___ Available data ___

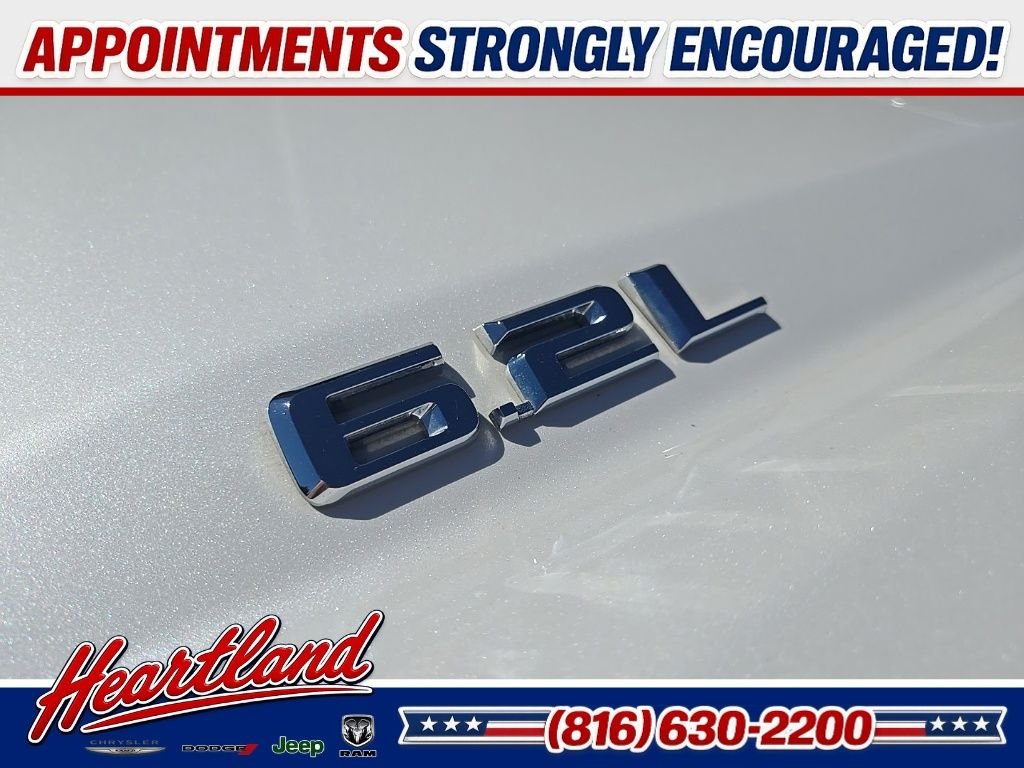 Used 2019 Beige Chevrolet High Country image 19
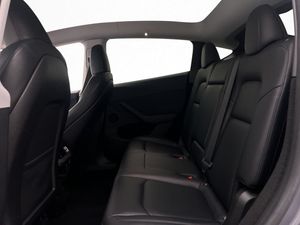 Tesla Model Y bild 30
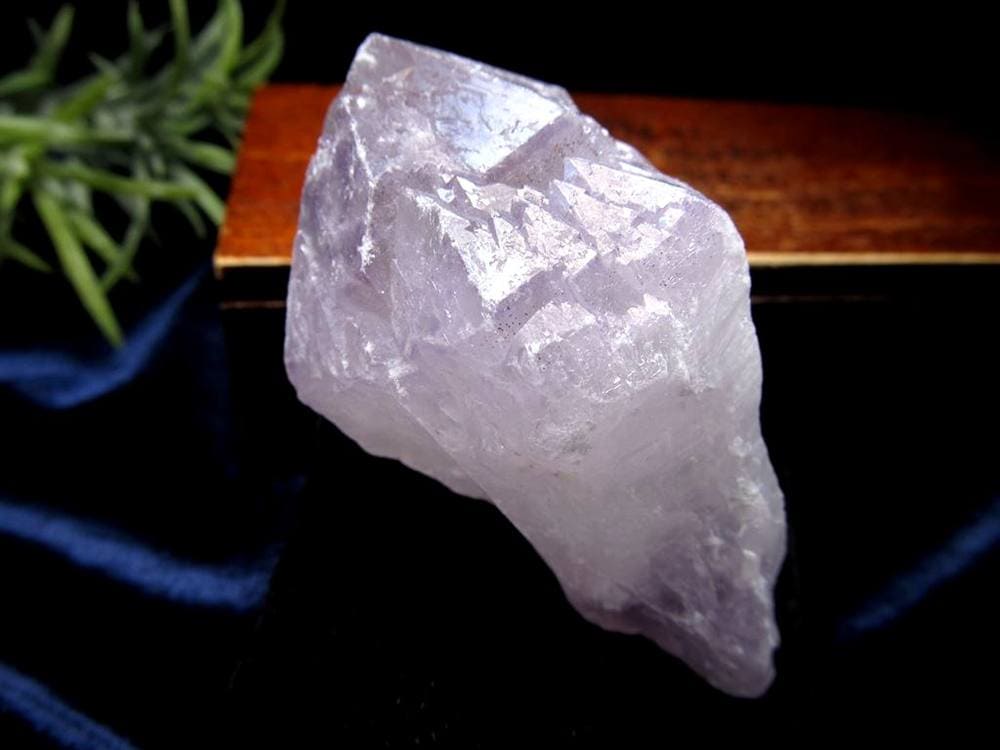 アメジスト 紫水晶 イリデッセンス 天然石 トライゴーニック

___

## Your assignment
Return all the data exactly, and keep the pictures out.

## Exercise response
 Used 2019 Beige Chevrolet High Country image 19
 Tesla Model Y bild 30
 アメジスト 紫水晶 イリデッセンス 天然石 トライゴーニック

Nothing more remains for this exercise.